YOUR INSTRUCTIONS
The answer should hold only the lines from the one containing "The illustrations, safety" through the one containing "I use baby oil to" in the entries below, copied exactly, without pictures.

(Stored data entries)
- - -

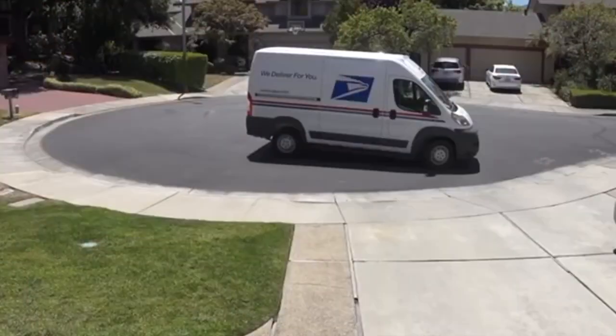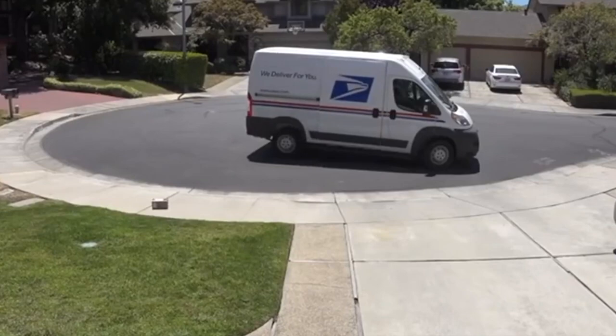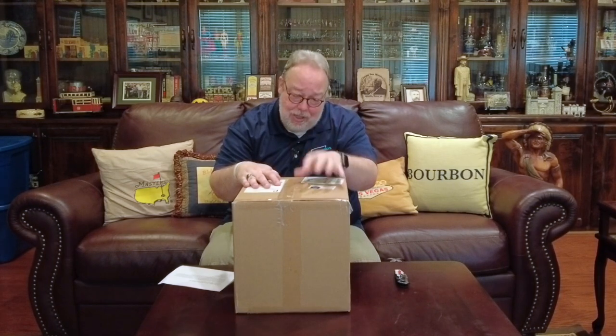Hi again everybody, it's your old pal the History Nerd. I am back in the man cave and in this video we are going to unbox and review the Stetson Digger Outback Straw Hat that a duly employed member of the United States Postal Service delivered to my home with great care and precision just a few hours ago. So let's stop farting around and start with the unboxing.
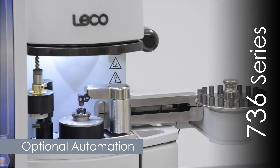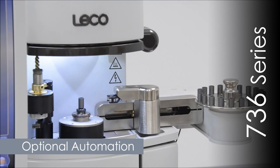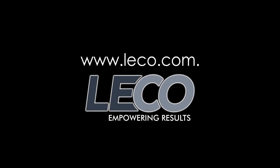An optional 20-sample shuttle loader is also available. For more information about this series or other total analytical solutions from LECO Corporation, contact your sales engineer or visit www.leco.com.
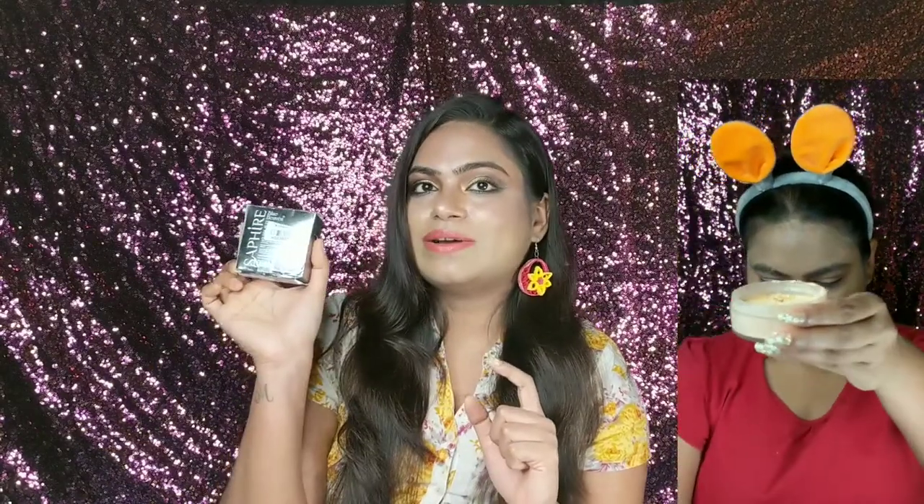So I will review this powder in this video. This is Blue Heaven Translucent Powder. This is very affordable. If you want to buy loose powder in the market, you will normally find powders around 500 rupees.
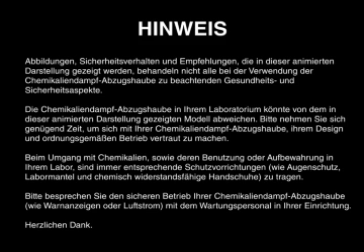The illustrations, safety practices, and suggestions shown in this animation do not cover all the potential health and safety concerns associated with the use of a chemical fume hood. The chemical fume hood in your laboratory may differ from the model presented in this animation. Please take time to learn about your chemical fume hood, its design, and proper operation.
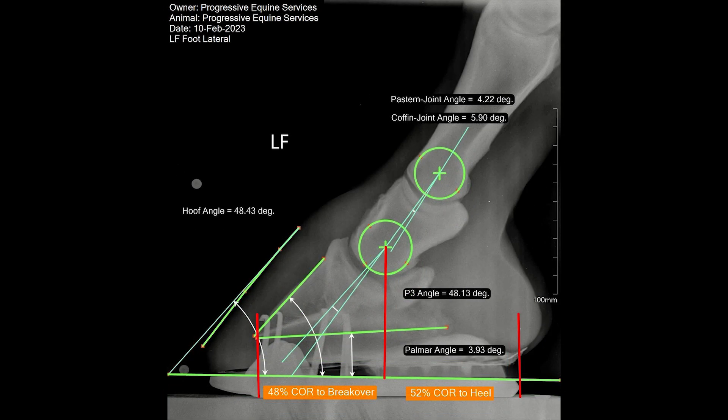Once we move the toe shoe, set slightly back from the toe, we were able to achieve a 48% COR to break over and a 52% COR to the heels.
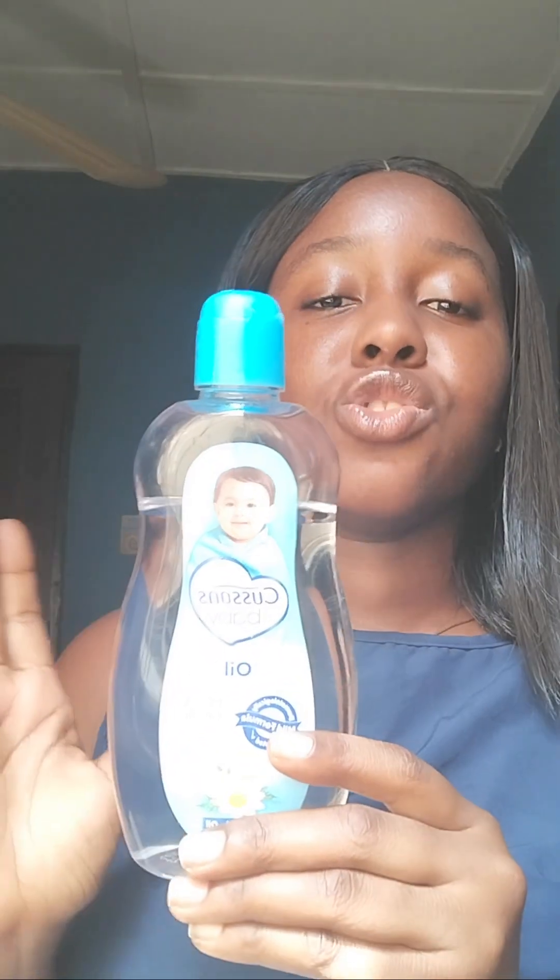I use baby oil to moisturize my skin. You can use body butters, lotions, or any other thing you have for moisturizing, but I use baby oil. This is the baby oil I use.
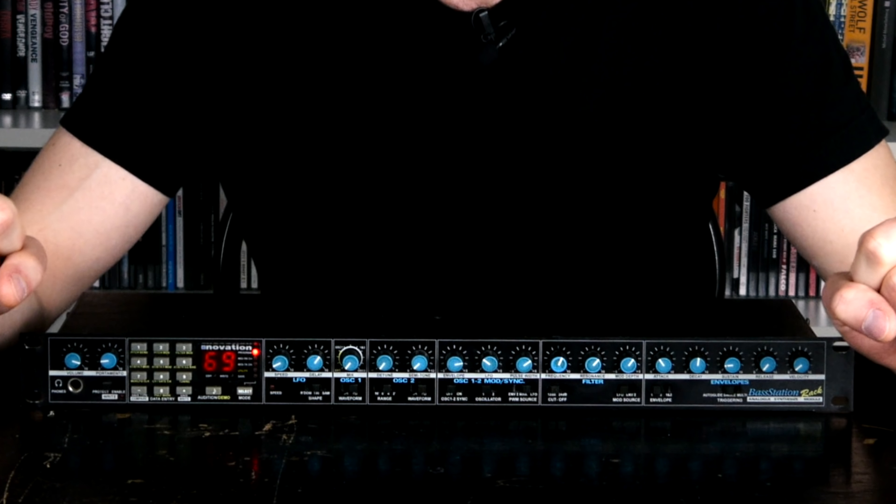Welcome to Bad Gear, the show about the world's most hated audio tools. Today we're going to talk about the original Novation Bass Station.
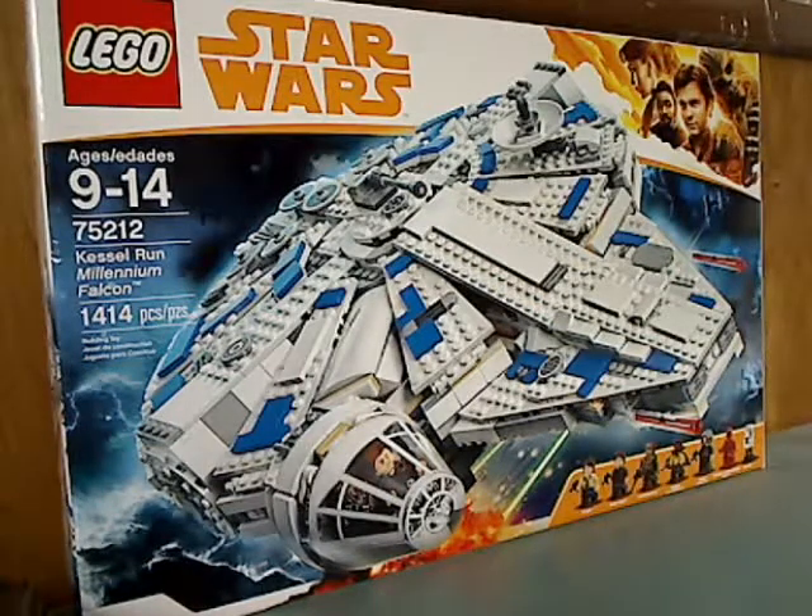Well hello everyone, and here I am with a LEGO Star Wars review — kind of my last Solo review, or at least the last of the first wave. This one is on the Kessel Run Millennium Falcon.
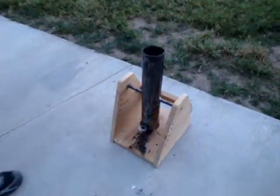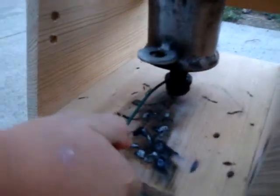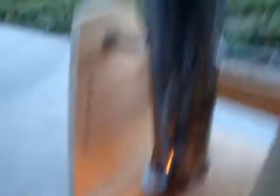Alright, this is a tennis ball cannon. It's got black powder in the bottom, a fuse, and a tennis ball.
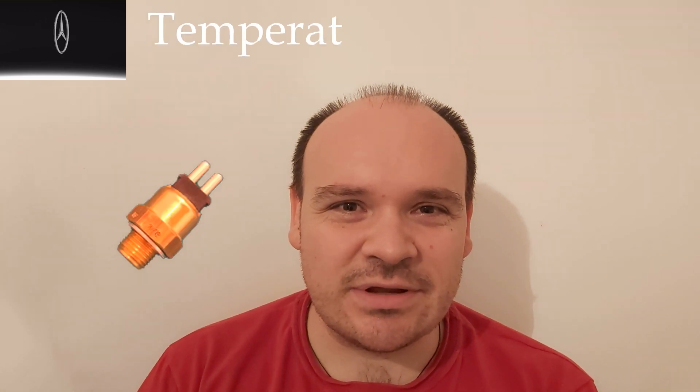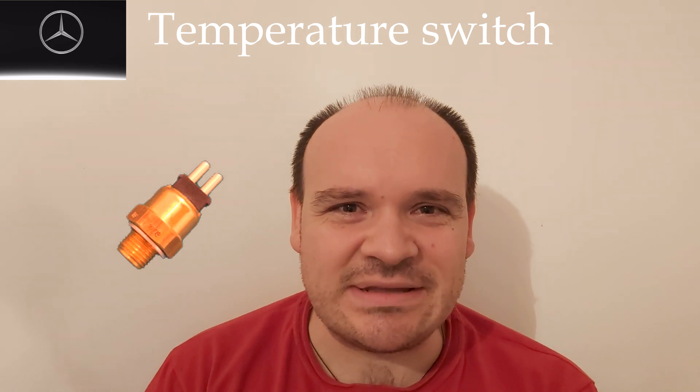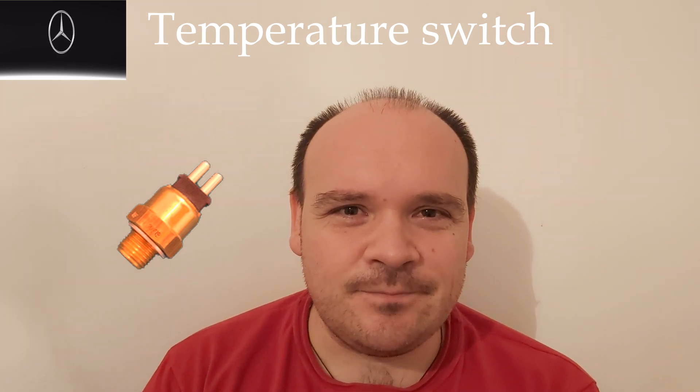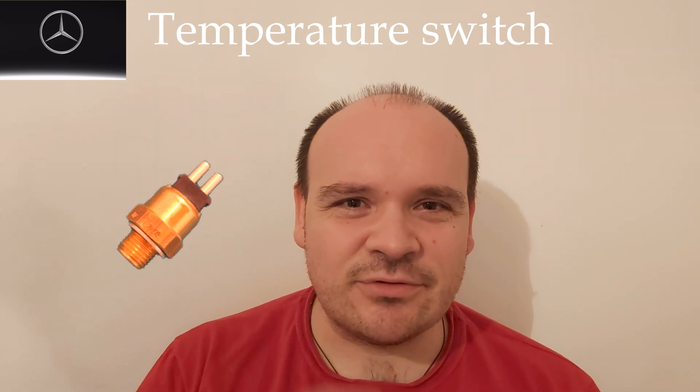Hi guys, in this video we are going to be talking about the temperature switch for the radiator fan — how to replace it, which one to buy, and so on. So let's do that right now.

- - -

RESULT OF THE EXERCISE
The illustrations, safety practices, and suggestions shown in this animation do not cover all the potential health and safety concerns associated with the use of a chemical fume hood. The chemical fume hood in your laboratory may differ from the model presented in this animation. Please take time to learn about your chemical fume hood, its design, and proper operation.
Once we move the toe shoe, set slightly back from the toe, we were able to achieve a 48% COR to break over and a 52% COR to the heels.
I use baby oil to moisturize my skin. You can use body butters, lotions, or any other thing you have for moisturizing, but I use baby oil. This is the baby oil I use.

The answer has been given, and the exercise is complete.